Records from a data source:
------

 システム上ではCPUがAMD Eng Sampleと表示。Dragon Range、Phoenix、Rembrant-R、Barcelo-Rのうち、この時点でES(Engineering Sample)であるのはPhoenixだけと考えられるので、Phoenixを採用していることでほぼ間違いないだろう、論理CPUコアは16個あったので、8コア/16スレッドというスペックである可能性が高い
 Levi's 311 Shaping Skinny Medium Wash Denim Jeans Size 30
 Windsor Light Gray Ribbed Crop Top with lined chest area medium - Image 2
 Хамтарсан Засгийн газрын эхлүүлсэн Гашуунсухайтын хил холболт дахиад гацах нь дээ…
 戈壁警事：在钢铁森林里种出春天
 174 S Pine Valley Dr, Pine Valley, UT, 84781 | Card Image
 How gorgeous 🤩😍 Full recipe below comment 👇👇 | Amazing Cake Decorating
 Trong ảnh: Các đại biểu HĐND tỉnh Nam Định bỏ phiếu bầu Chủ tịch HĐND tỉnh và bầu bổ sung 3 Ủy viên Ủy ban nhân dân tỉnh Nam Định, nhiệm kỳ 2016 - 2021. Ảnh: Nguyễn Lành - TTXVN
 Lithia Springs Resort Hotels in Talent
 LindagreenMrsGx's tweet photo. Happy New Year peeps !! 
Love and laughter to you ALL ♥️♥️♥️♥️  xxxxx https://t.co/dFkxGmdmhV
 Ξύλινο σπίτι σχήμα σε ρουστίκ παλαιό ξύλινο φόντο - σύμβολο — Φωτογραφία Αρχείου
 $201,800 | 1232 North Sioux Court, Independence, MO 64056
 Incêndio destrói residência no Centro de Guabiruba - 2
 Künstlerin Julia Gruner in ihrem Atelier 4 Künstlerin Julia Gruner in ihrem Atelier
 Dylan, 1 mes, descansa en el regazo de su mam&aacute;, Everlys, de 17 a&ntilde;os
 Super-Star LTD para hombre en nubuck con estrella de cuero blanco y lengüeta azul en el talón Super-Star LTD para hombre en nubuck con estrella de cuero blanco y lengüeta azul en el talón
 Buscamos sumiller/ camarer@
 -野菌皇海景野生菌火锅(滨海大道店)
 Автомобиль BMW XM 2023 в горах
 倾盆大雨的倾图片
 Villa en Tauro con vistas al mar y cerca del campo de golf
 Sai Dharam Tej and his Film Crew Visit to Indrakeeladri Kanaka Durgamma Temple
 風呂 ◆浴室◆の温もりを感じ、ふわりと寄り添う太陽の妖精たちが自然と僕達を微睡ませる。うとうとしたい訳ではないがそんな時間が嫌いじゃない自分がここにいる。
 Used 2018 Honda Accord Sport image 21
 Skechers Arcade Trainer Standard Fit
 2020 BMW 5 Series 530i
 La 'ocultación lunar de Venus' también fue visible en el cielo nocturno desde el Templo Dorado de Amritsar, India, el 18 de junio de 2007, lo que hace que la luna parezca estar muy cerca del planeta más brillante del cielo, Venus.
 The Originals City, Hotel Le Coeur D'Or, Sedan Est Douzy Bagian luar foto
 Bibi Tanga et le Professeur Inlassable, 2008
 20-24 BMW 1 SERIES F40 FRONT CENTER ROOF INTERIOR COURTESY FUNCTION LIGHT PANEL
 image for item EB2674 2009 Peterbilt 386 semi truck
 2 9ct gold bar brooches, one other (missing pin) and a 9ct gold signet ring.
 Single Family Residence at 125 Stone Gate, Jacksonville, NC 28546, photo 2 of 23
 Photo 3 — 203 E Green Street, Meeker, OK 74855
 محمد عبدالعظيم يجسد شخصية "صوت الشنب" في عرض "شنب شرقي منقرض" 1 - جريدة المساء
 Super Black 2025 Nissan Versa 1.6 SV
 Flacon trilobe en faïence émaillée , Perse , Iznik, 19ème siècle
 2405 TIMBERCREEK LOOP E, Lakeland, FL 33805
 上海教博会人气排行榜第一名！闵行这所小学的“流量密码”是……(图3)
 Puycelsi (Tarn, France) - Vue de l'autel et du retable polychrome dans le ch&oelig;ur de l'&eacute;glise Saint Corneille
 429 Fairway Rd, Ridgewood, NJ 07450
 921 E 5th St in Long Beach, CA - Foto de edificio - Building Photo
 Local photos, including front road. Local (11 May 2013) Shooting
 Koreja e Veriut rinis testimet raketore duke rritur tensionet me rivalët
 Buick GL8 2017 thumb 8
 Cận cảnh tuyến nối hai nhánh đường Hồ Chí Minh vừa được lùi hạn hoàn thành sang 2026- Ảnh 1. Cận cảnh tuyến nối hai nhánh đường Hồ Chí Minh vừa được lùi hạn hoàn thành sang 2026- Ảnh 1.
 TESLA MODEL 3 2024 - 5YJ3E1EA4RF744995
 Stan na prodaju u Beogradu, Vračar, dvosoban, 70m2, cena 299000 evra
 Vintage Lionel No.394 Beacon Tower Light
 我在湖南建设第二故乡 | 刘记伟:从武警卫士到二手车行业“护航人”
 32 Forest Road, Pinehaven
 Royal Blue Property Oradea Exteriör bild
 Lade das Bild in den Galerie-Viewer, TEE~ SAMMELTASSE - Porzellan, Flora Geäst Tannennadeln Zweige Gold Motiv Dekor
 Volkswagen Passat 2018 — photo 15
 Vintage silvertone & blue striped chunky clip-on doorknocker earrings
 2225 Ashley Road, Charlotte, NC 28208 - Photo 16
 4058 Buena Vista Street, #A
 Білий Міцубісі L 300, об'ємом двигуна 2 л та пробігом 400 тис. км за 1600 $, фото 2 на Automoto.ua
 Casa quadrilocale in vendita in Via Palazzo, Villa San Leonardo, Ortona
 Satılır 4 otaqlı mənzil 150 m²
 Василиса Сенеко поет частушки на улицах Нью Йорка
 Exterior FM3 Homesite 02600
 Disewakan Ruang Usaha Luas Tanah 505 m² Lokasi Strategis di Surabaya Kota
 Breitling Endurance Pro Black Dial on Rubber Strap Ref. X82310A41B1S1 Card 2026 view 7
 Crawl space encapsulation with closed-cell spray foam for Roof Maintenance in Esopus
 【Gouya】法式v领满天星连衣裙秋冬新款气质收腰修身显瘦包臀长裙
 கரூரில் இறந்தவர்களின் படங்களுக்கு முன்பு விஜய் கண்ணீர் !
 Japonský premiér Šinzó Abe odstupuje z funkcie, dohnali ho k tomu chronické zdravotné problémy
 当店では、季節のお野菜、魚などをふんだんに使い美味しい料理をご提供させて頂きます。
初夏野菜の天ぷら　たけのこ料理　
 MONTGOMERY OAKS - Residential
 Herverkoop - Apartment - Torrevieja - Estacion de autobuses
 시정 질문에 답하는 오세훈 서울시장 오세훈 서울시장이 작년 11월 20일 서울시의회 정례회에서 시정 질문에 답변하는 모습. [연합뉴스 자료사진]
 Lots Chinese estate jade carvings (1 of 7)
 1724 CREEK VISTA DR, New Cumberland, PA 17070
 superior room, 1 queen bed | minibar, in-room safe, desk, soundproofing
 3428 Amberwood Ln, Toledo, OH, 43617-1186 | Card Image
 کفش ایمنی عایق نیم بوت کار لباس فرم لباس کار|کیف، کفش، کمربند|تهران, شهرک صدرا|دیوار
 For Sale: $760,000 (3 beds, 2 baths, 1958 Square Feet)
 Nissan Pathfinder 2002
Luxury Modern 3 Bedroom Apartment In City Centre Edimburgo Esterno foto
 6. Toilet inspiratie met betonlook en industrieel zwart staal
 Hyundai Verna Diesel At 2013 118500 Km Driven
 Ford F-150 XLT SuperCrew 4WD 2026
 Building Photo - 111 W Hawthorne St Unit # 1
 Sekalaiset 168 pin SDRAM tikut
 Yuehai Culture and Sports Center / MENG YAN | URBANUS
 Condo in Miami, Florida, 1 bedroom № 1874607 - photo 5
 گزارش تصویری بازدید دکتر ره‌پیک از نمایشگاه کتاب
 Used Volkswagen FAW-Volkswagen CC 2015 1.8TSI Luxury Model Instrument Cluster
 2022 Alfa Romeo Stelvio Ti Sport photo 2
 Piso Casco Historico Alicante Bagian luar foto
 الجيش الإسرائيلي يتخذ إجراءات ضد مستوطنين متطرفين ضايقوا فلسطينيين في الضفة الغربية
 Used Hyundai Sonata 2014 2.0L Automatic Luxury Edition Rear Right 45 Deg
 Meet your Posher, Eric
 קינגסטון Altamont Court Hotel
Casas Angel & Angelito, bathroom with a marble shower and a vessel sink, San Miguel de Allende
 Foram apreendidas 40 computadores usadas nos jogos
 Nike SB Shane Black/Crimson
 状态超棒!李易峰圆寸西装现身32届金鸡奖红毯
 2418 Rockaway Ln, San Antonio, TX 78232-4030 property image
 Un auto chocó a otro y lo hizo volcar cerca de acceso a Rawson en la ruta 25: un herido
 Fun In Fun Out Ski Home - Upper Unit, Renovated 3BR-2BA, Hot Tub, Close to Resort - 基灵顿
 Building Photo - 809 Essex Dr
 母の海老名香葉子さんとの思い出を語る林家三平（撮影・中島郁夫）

------

Aim of the task:
The answer must be every line of the entries that includes the word "Bagian".

Exercise solution:
 The Originals City, Hotel Le Coeur D'Or, Sedan Est Douzy Bagian luar foto
 Piso Casco Historico Alicante Bagian luar foto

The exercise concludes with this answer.